Historic house in New York, United States

Ressequie Farm is a historic farm complex located at Hounsfield in Jefferson County, New York. The farm complex consists of a 1 1/2-story gabled ell, L-shaped farmhouse built about 1840 in the Greek Revival style and five outbuildings. Contributing outbuildings are a cattle barn, granary, pig house, chicken coop, and former carriage house.

It was listed on the National Register of Historic Places in 1989.

==Samuel Resseguie==

The home was built by Samuel Resseguie and his wife Lydia Brown, who came to the area shortly after their marriage in 1822. Samuel was born 28 November 1800 in Northampton, Fulton Co., New York, son of Daniel Resseguie and Mary Monroe. Lydia was born around 1800 in Saratoga, New York, daughter of John Brown and Lydia Sprague.

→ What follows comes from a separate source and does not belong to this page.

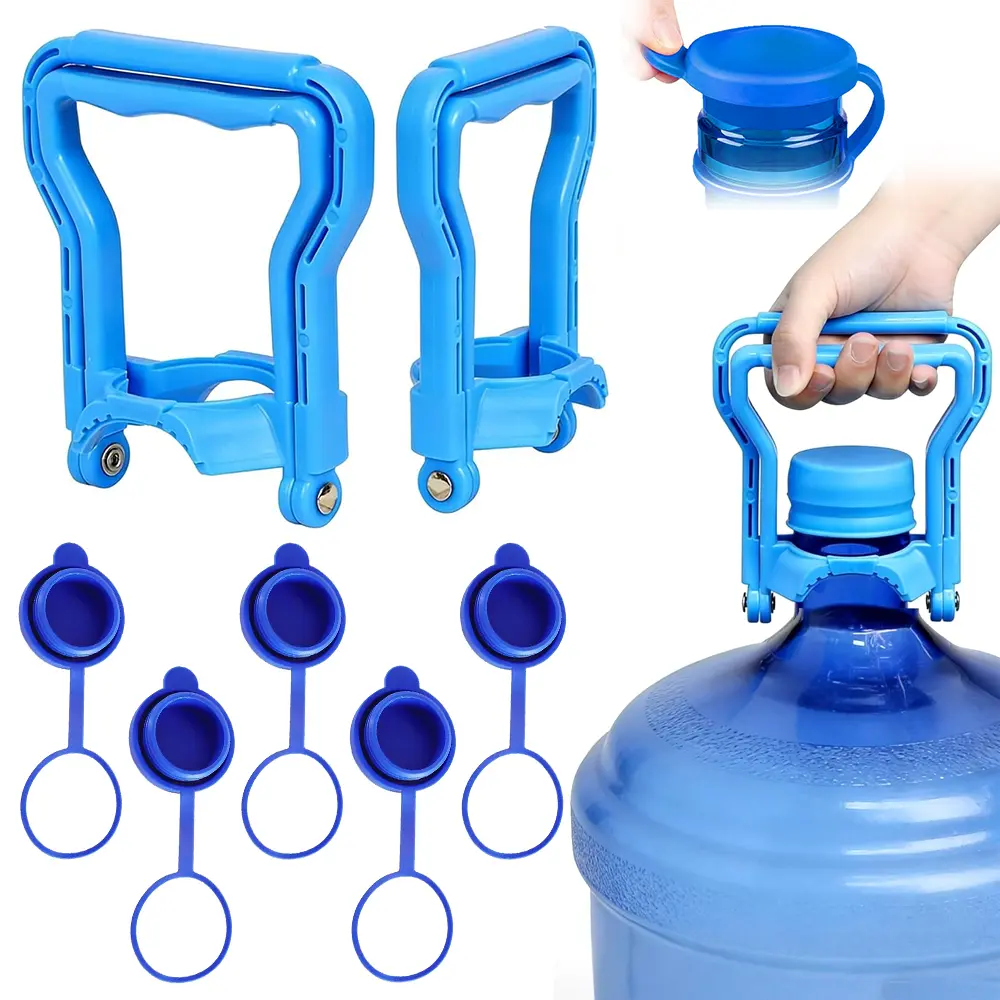 5Pcs  & 5 Gallon Water Jug Cap & 2Pcs Gallon Water Bottle Handle Kit, Non Spill and Reusable Replacement Lids, Heavy-Duty Water Jug Holder for Easy Carrying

Morris' history of the Resseguie family (1888) states:

With his newly married wife Mr. Resseguie removed to Houndsfield, making the journey with a yoke of cattle, and spending seven days on the way, their road being indicated by 'blazed' trees. They settled on a farm of fifty acres, which, by industry and economy, had been increased to 220 acres at the time of his death.

Samuel died on 24 March 1853. Lydia died 8 July 1882 or 1883. They are both buried in Sulpher Springs Cemetery on the nearby Sulpher Springs Road.

In the 1960s, the home was occupied by the Chandler family.

Today, the property still serves as a private residence, and is well maintained. The crossroad immediately to the west of the property is called the "Resseguie Road."